Obesity is an epidemic condition, which has increased prevalence in recent decades due to the changes in lifestyles including diets [1,2]. Obesity is considered as a risk factor for several diseases such as hypertension, type 2 diabetes, dyslipidemia, renal disease, cardiovascular disease, and cancer [3]. Oxidative stress has been regarded as an important factor in obesity [4]. Oxidative stress is described as the imbalance between pro-oxidants and anti-oxidants, resulting from increased production of reactive oxygen species (ROS) that exceeds the ability of antioxidant defense systems [5]. Consequentially, the increase of obesity-associated oxidative stress leads to biochemical changes including lipid peroxidation, DNA damage, and the change of enzymatic activity [6-8]. 4-hydroxynonenal (4-HNE) is recognized as an important biomarker of lipid peroxidation in a state of obesity-induced oxidative stress [9]. The concentration of 4-HNE as a product of oxidative stress was increased in obese subjects compared to healthy subjects [10], and in particular, the overexpression of 4-HNE level causes fat accumulation that worsens the state of obesity, resulting in metabolic syndrome [9].
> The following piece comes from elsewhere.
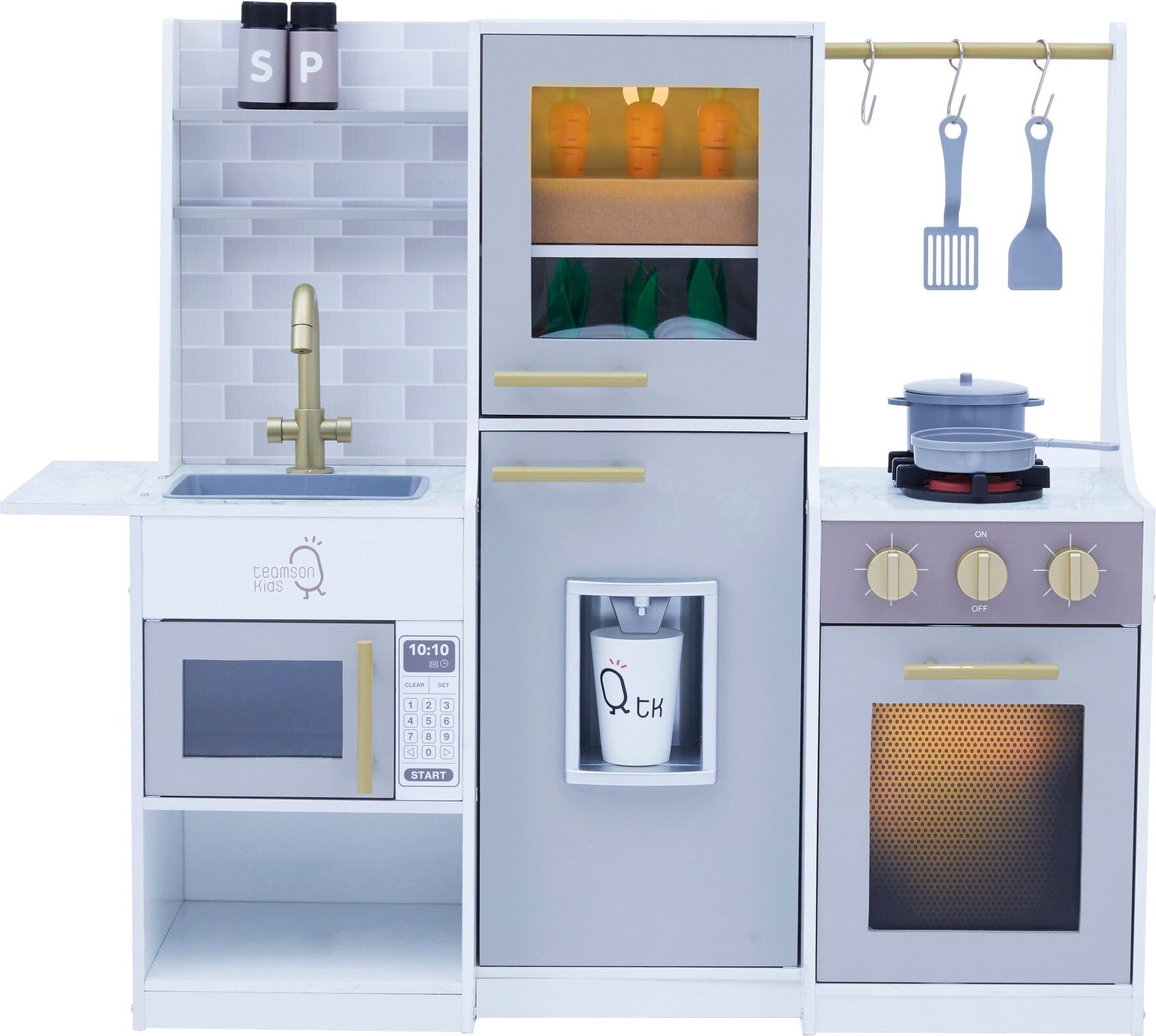 Teamson Kids - Little Chef Lyon Modern Play Kitchen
In addition, abnormalities in both lipids and lipoproteins such as increases in low-density lipoprotein (LDL) cholesterols and triglycerides and decreases in high-density lipoprotein (HDL) cholesterols are considered to be the crucial pathway in obesity [11]. Moreover, pro-inflammatory markers such as TNF-α and CRP may down-regulate the apo A-1 gene expression that could correlate with one of the reasons why HDL cholesterol levels are lower in the obesity. The low levels of HDL cholesterol could be a consequence of increased serum inflammatory molecules such as TNF-α and CRP. From this point of view, the scavenger receptor class B type 1 (SR-B1), which is defined as a cell surface HDL receptor, could be a representative bio-marker to understand HDL metabolism along with the several lipoproteins in obesity-related change to maintain the lipid and lipoprotein homeostasis.

Accordingly, the increase in SR-B1 expression is correlated with decreased plasma levels of HDL cholesterol [12] and hepatic SR-B1 expression can be modulated by various factors including dietary [13,14], metabolic [15] and pharmacological manipulations [16,17] according to previous reports.
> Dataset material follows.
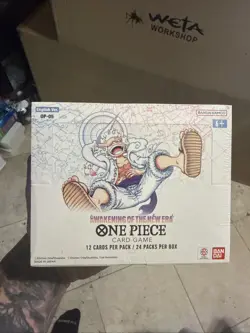 Bandai One Piece CCG Awakening of the New Era Booster Box - 24 Packs 810059783546 - Image 1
Furthermore, ATP-binding cassette transporter A1 (ABCA1) is supposed to possess a role in cellular cholesterol efflux and HDL formation [18,19]. Some research reported that dietary supplement of Curcumin with moderated intake of alcohol increased cholesterol efflux mediated by ABCA1 [20,21]. However, according to a recent study, hepatic ABCA1 may not be the main contributing factor of HDL metabolism in a model of obesity-induced hyperinsulinemia using human apolipopretein B100 transgenic/brown adipose tissue deficient mice [22]. Thus, there is still controversy about the role of ABCA1 in regulating the HDL-cholesterol level.

In obese condition, abnormal lipid metabolism in the liver causes systemic dyslipidemia including skin. Previous studies have been reported the abnormal skin physiology and the delayed wound healing in obese subjects [23-25].

Our previous studies have reported that combined mulberry leaf and fruit extract (MLFE) rich in polyphenols have shown anti-obesity and anti-inflammatory effects including beneficial effect on dyslipidemia in the high fat diet induced obese mice [26,27].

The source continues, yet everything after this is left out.